A realização deste trabalho permitiu-me perceber que no caso português o processo de transição política da ditadura para a democracia conduziu à eliminação dos privilégios monopolistas do setor capitalista português e à adoção de várias medidas socializantes, tais como: a apropriação pelo Estado dos setores chave da economia nacional (a banca, seguros, transportes, comunicações, celuloses e siderurgia foram nacionalizados); a intervenção do Estado na administração de pequenas e médias empresas, muitas delas focos de violenta agitação laboral, sendo acusadas de dificultarem o desenvolvimento económico de Portugal. Os antigos administradores, muito deles proprietários, foram afastados e substituídos por comissões administrativas que o Governo nomeava. Este foi um período de saneamentos e de fuga de importantes quadros para o Brasil; a reforma agrária que conduziu à expropriação institucional das grandes herdades, sendo a organização da sua exploração entregue a Unidades Coletivas de Produção; as grandes campanhas de dinamização cultural e cívica promovidas pelo MFA com o intuito de se explicar às populações que residiam no interior rural o significado da revolução, o valor da democracia, a importância do voto e os direitos dos trabalhadores e, por fim, as grandes conquistas dos trabalhadores, que viram a sua situação social e económica melhorar devido à conquista do direito à greve, à liberdade sindical, à instituição do salário mínimo, ao controlo dos preços dos bens de primeira necessidade, à redução do horário semanal de trabalho, à melhoria das pensões e das reformas... Aprendi ainda, com a elaboração deste trabalho, que o 25 de Novembro de 1975 é uma data importante neste processo de transição política pois marcou o fim da fase extremista do processo revolucionário. A revolução, a partir desta data, regressou aos princípios democráticos e pluralistas do 25 de Abril de 1974, que vieram a ser confirmados com a promulgação da Constituição de 1976.

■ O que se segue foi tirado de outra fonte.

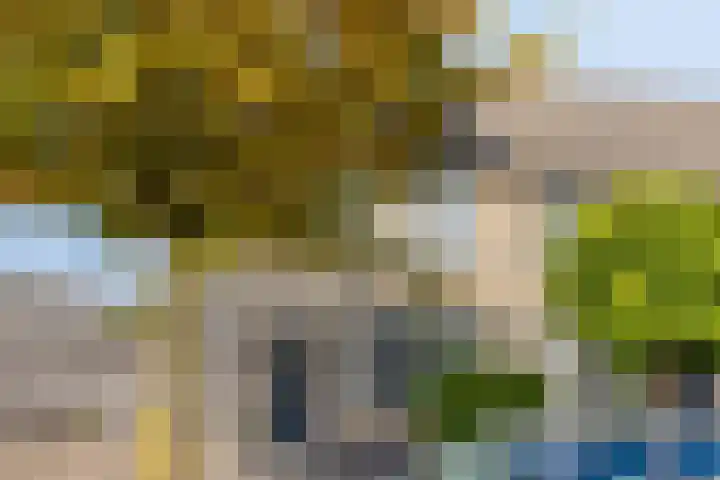 Anjervallei 113 's-Hertogenbosch thumbnail 6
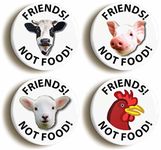 FRIENDS NOT FOOD VEGETARIAN BADGE BUTTON PIN SET (Size is 1inch/25mm diameter)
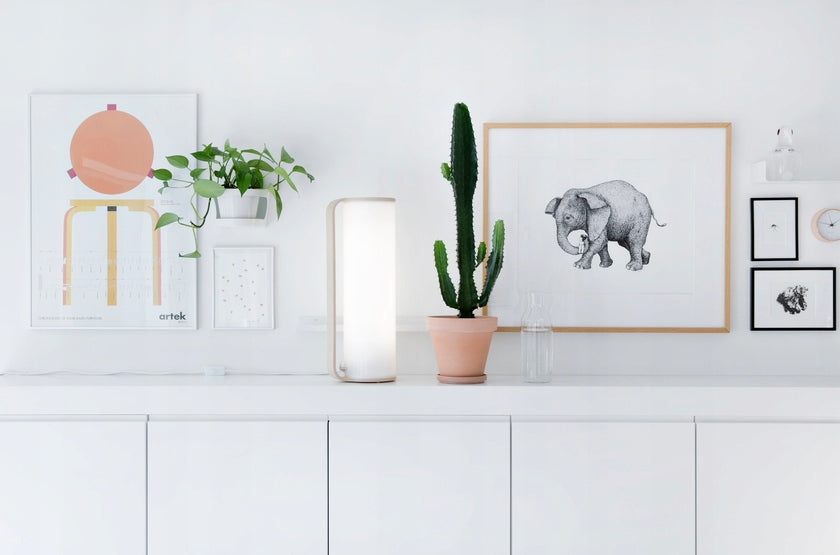 Tubo LED Finnish Anti-Depressant Lamp Packaging status original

Passados 45 anos da Revolução dos Cravos e estando as pessoas que vivenciaram este golpe militar a desaparecer é importante preservar a memória deste período tão importante da História de Portugal ouvindo e registando as memórias dos que ainda se encontram vivos.

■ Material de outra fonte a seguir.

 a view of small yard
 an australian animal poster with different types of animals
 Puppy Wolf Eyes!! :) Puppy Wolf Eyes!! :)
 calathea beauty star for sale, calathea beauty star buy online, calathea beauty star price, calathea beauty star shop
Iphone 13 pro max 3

No dia 25 de Abril começou a nascer uma democracia... No período que se lhe seguiu, os portugueses lutaram pelos seus direitos, manifestaram-se nas ruas, organizaram-se, passaram à legalidade os partidos clandestinos, exerceram o direito de falar, de escrever e de votar, de forma livre... A democracia nasceu com partidos e participação cívica... Não foi um nascimento fácil, nem o poderia ser, devido à longa duração do regime autoritário do Estado Novo e a uma guerra colonial, longa e ativa em três frentes distintas, em África.

A Revolução de Abril, tal como referido por Eduardo Lourenço, foi a "Revolução possível e lúcida" que abriu as portas à democracia.